- **PROVIDED MATERIAL**:
[Start of section]

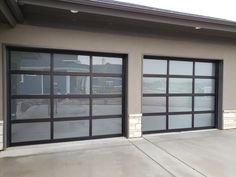 two garage doors are open in front of a building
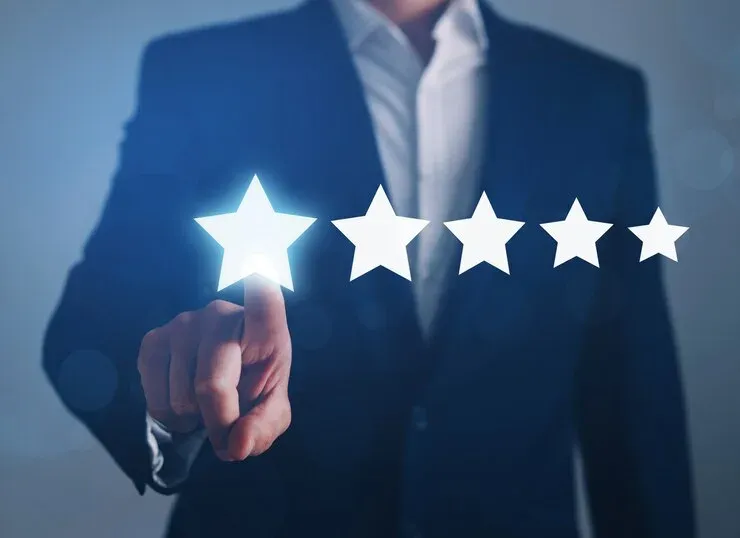 Businessman touching the first of five glowing rating stars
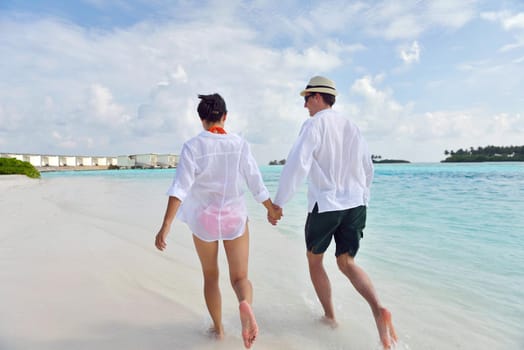 happy young romantic couple in love have fun running and relaxing on beautiful beach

[End of section]

- **WORK TASK**: Extract the lines beginning with the one that contains "Businessman touching the" and ending with the last line of the listing. Keep them exact and drop the pictures.

- **TASK RESPONSE**:
 Businessman touching the first of five glowing rating stars
 happy young romantic couple in love have fun running and relaxing on beautiful beach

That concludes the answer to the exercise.